Aproximou-se o dia da alegria e chegou o tempo da exultação. De muitos lugares foram chamados os irmãos: homens e mulheres do lugar, de acordo com suas posses, prepararam cheios de alegria tochas e archotes para iluminar a noite que tinha iluminado todos os dias e anos com sua brilhante estrela. Por fim, chegou o santo e, vendo tudo preparado, ficou satisfeito. Fizeram um presépio, trouxeram palha, um boi e um burro. Greccio tornou-se uma nova Belém” (1Cel, XXX, 84-85).

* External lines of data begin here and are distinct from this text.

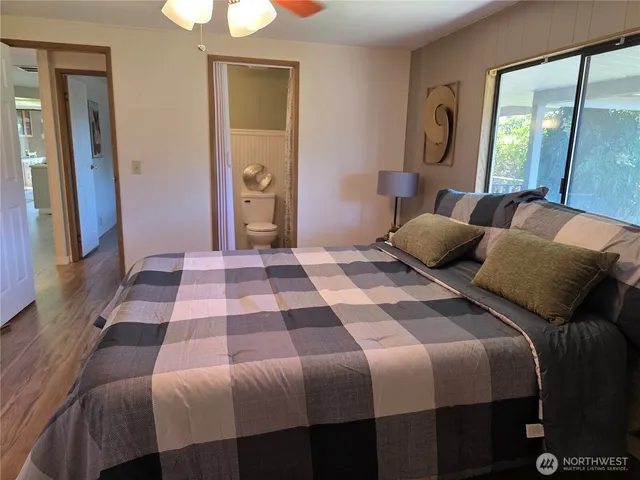 a white toilet sitting next to a shower curtain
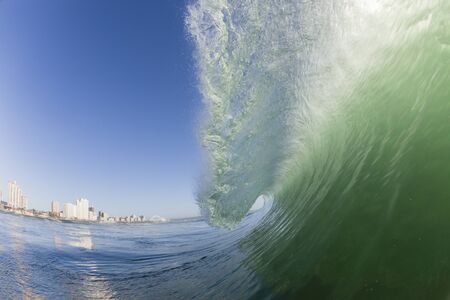 Ocean wave water crashing swell morning Durban beachの写真素材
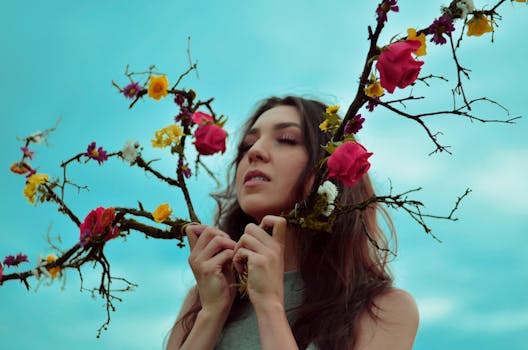 一名闭着眼睛的妇女在户外拿着一根装饰着彩色花朵的树枝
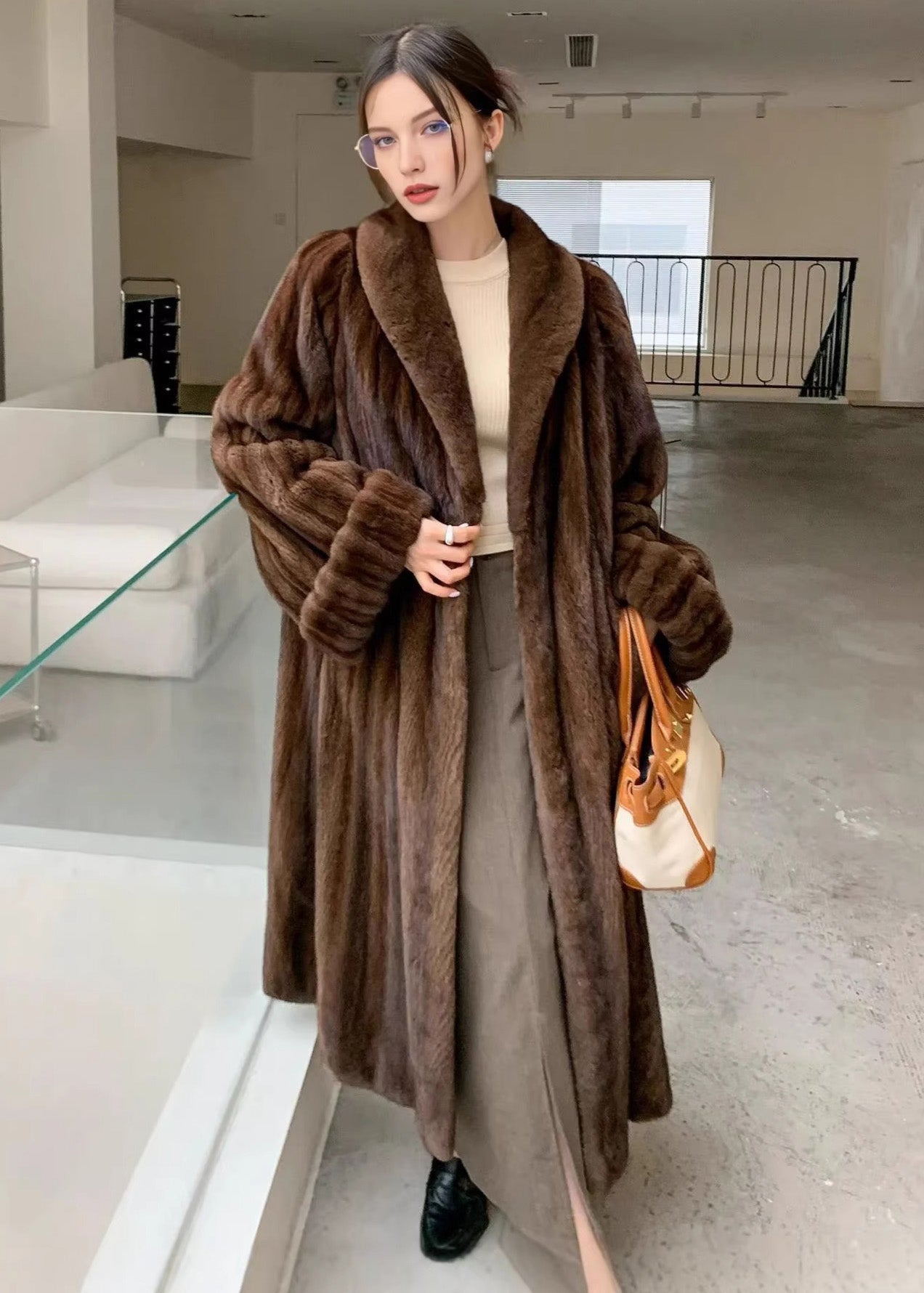 A slightly angled full-body shot of the woman posing in the brown faux fur coat, showcasing the drape of the garment and the wide shawl lapels.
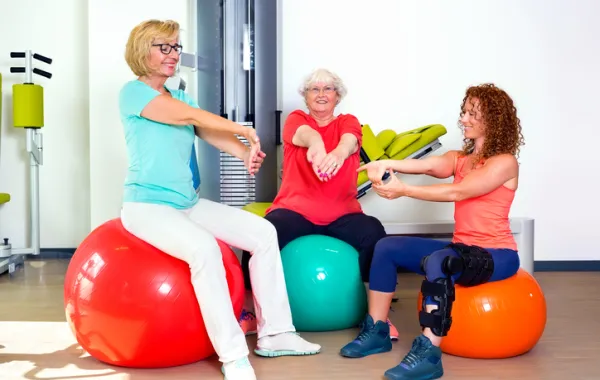 Foto de dos mujeres mayores haciendo ejercicio con una mujer joven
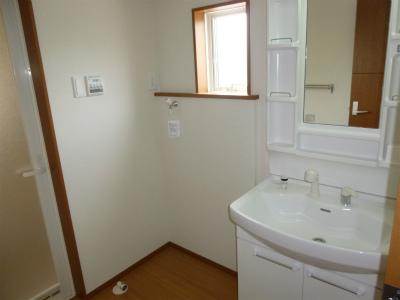 Wash basin, toilet. It is the same type type washroom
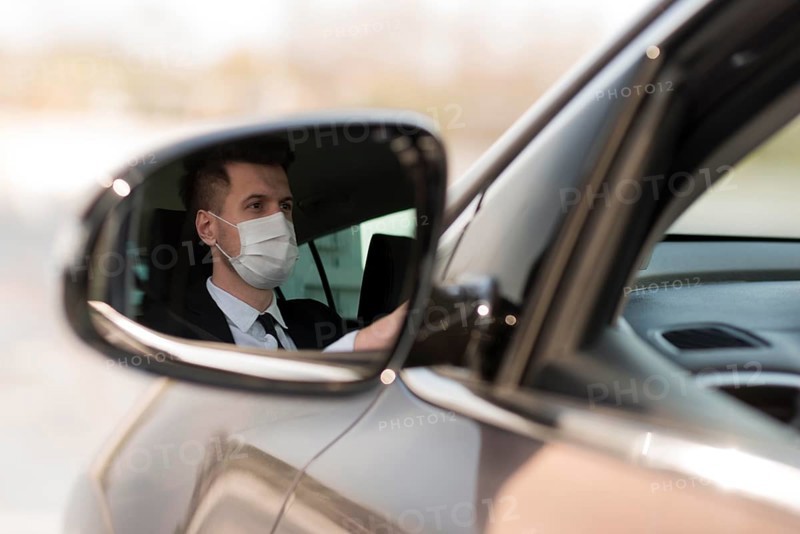 Man car mirror with mask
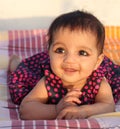 Smiling Asian baby girl looking at the viewer Royalty Free Stock Photo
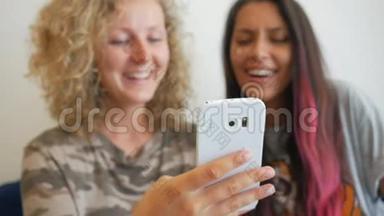 两个迷人的混血模特坐在咖啡馆里，用手机看有趣的视频。生活方式高清慢动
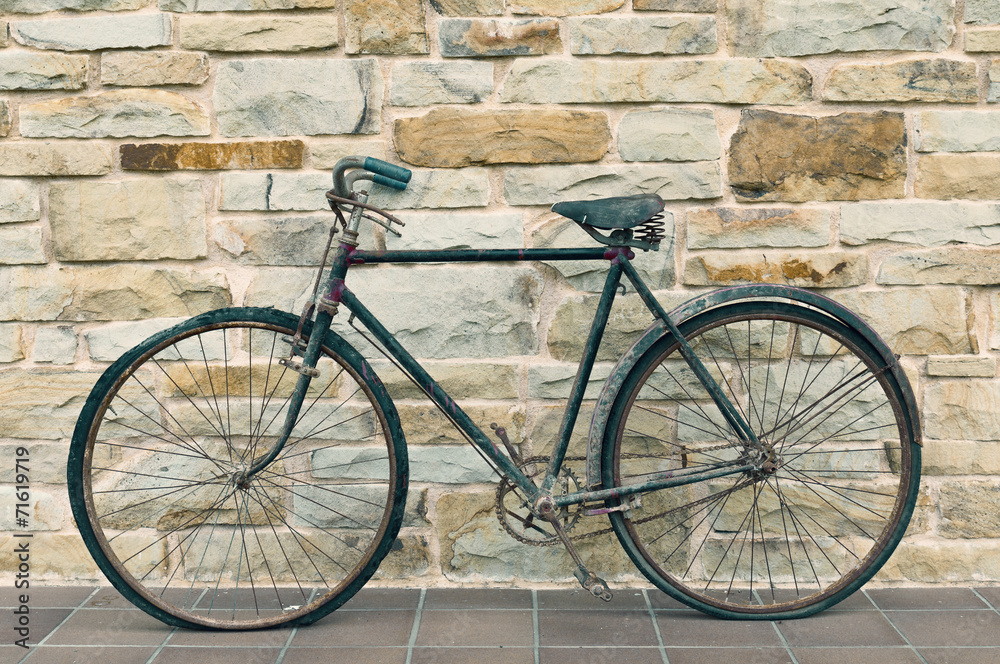 Antique or retro oxidized bicycle outside on a stone wall Antique or retro oxidized bicycle outside on a stone wall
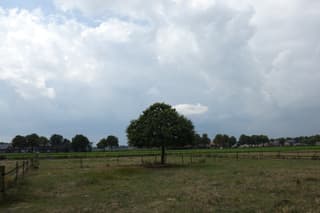 Zon en wolken, kans op een bui.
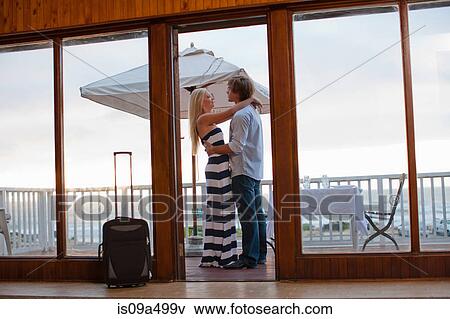Stock Photo - Couple hugging on beachfront patio. Fotosearch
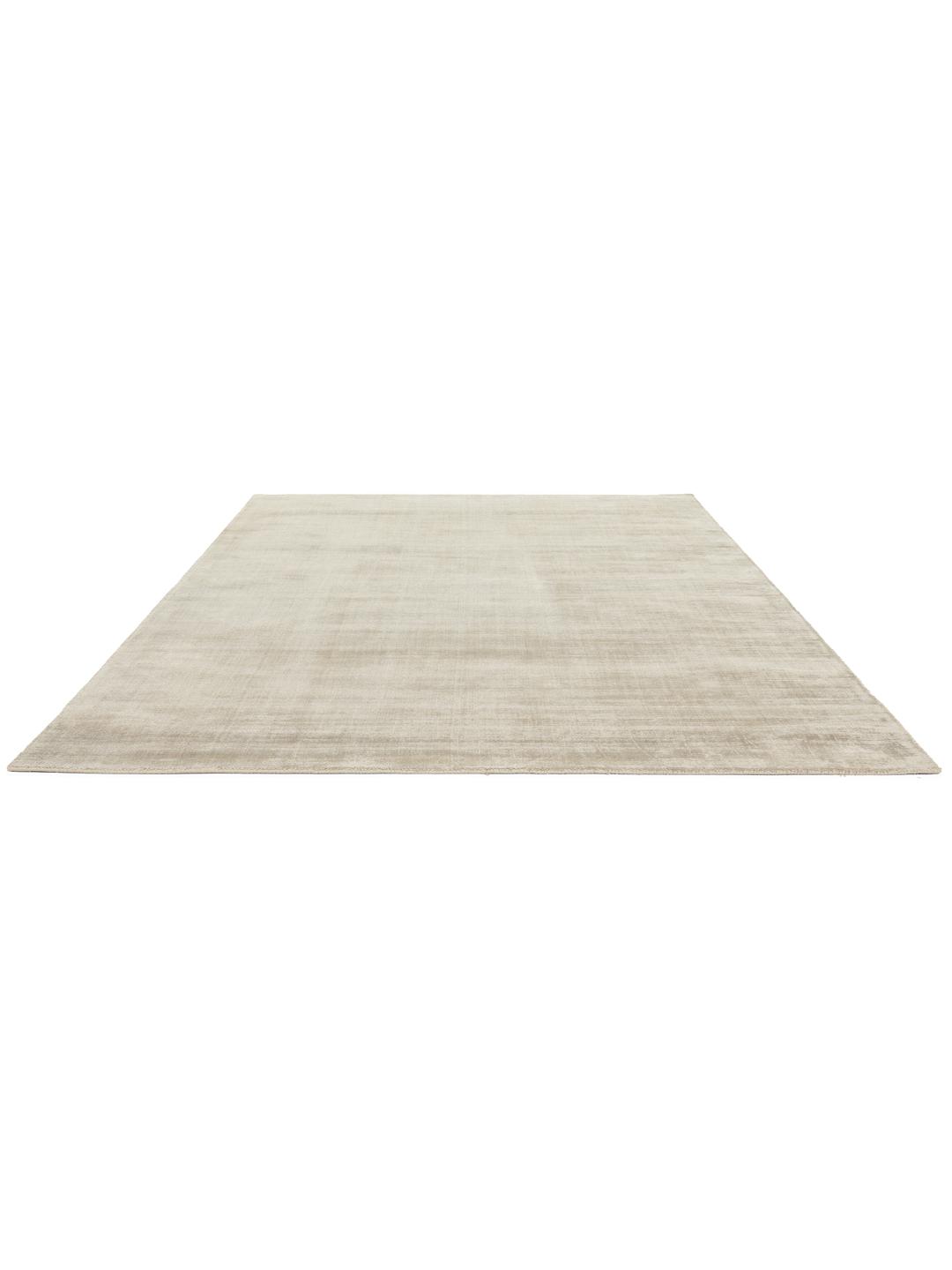 Beige tæppe med en blød luvtekstur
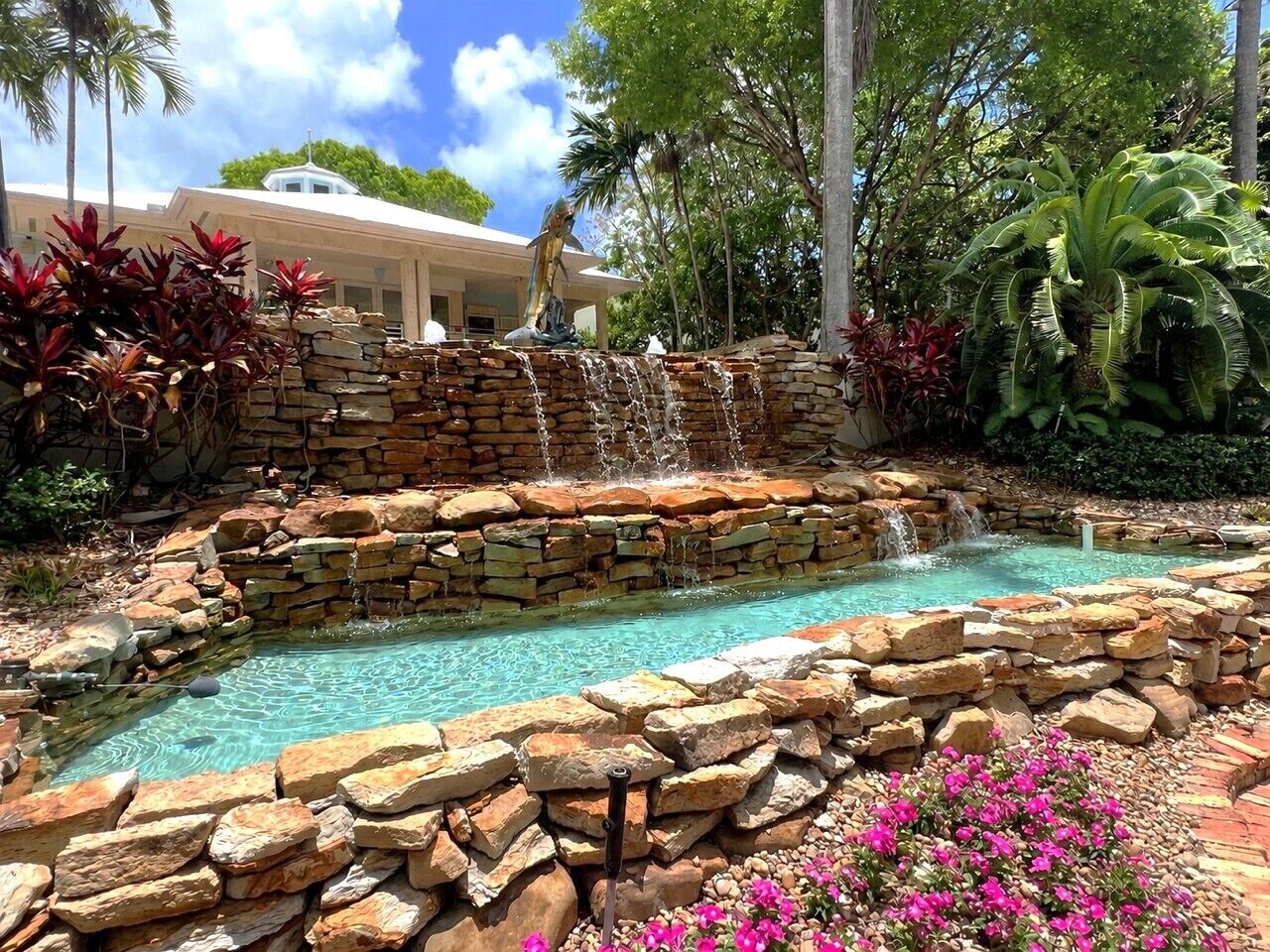 Una piscina con cascada, rodeada de muros de piedra y plantas tropicales.
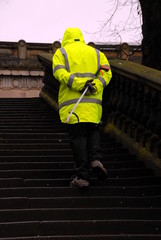 sweeper going up the stairs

Não se trata de aqui discutir se os elementos descritos pelo biógrafo expressam um fato histórico ou se são legendários. Certo é que a descrição de Tomás de Celano inaugurou a tradição do presépio. Nas peças que compõem o presépio mostra-se o encontro da realidade divina e humana, animal e vegetal, sideral e mineral. Nada é descartado, tudo é integrado!
As semanas que antecedem o Natal nos convidam a resgatar o sentido originário do Natal. Contemplando as representações plásticas do evento – algo comum em tantos lugares e espaços neste tempo do Advento – e relendo as narrativas bíblicas, somos provocados a fomentar em nossos ambientes familiares e comunitários o saudável e alegre espírito natalino. É esse espírito que alimenta nossa esperança de que um novo mundo é possível. Mundo esse marcado pela superação de toda forma de exclusão, onde a verdade e o amor se encontrarão, e a justiça e a paz se abraçarão.